CANADIAN RAILWAY OFFICE OF ARBITRATION

CASE NO. 2233

Heard at Montreal, Thursday, 13 February 1992

concerning

CANPAR

and

TRANSPORTATION COMMUNICATIONS UNION

DISPUTE:

The dismissal of employee H.G. McIvor of Calgary, Alberta, for offenses and accumulation of demerits.

JOINT STATEMENT OF ISSUE:

On June 3, 1991, employee George McIvor was terminated as the result of the imposition of 20 demerits for rudeness and 15 demerits for reporting late for work while under the influence of alcohol. This resulted in a total of 90 demerits the Company asserts.

The Union contends that the imposition of the demerits is not warranted and that Mr. McIvor was not discharged for just cause contrary to Article 6.1. The Union also contends that there is a strong element of discrimination and harassment of the grievor by the Company as indicated in its letter of July 4, 1991, to Mr. Paul MacLeod. The Union further contends that the demerits were excessive and that Mr. McIvor ought to be reinstated with full seniority and compensation or such other arrangement as may be appropriate.

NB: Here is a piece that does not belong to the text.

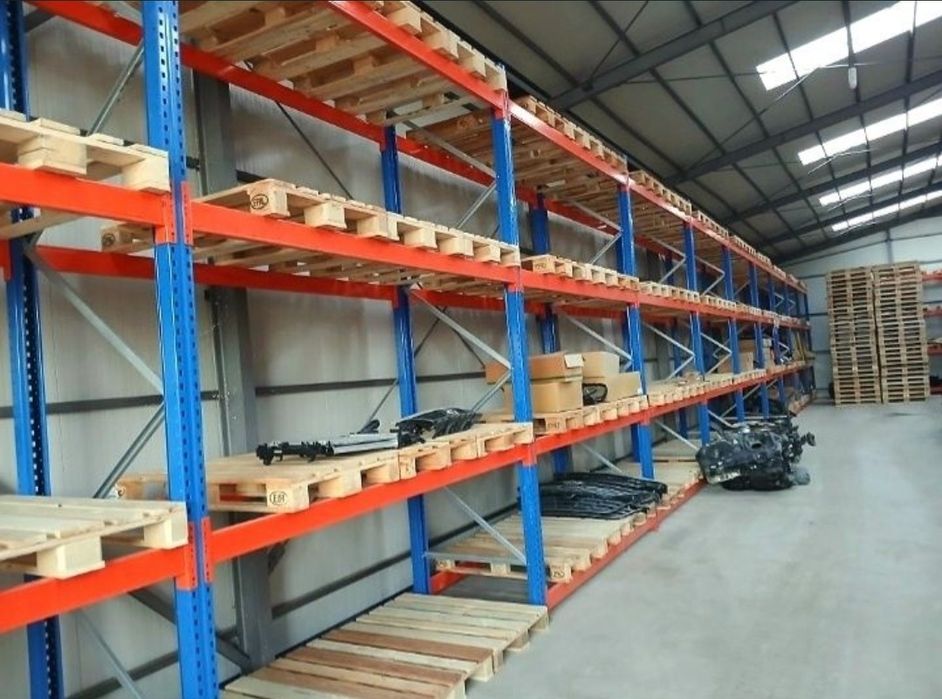 Rafturi metalice depozitare marfa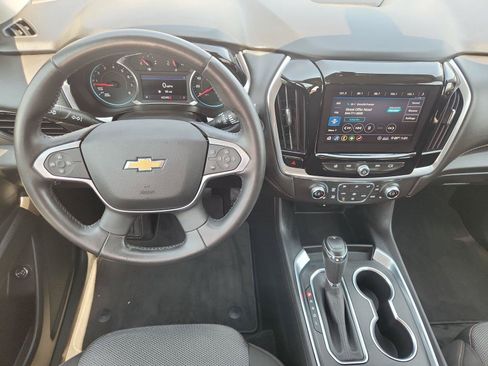 Used 2020 Chevrolet Traverse LT FWD image 11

The Company contends that the demerits were justified and that the demerits were for just cause and requests that the grievance be dismissed.

FOR THE UNION: FOR THE COMPANY:

(SGD.) J. CRABB (SGD.) P. D. MacLEOD

EXECUTIVE VICE-PRESIDENT DIRECTOR, LINEHAUL & SAFETY

There appeared on behalf of the Company:

C. Peterson – Counsel, Toronto

J. Cyopeck – Executive Vice-President & Chief Operating Officer, Toronto

P. MacLeod – Director, Linehaul & Safety, Toronto

D. Case – Vice-President, Human Resources, Toronto

J. Drown – Regional Manager, Prairies, Calgary

And on behalf of the Union:

H. Caley – Counsel, Toronto

J. Bechtel – Vice-President, Toronto

M. Gauthier – Vice-President, Montreal

H. G. McIvor – Grievor

 

AWARD OF THE ARBITRATOR

The material before the Arbitrator discloses, beyond controversy, that the grievor arrived for work on May 31, 1991, that he smelled of alcohol and that when he was asked whether he would be able to pass a breathalizer test he expressed some doubt as to whether he could. It is also not disputed that this was the second occasion that the grievor had appeared for work affected by alcohol. The first transpired on August 10, 1990, an offence in respect of which he was assessed ten demerits.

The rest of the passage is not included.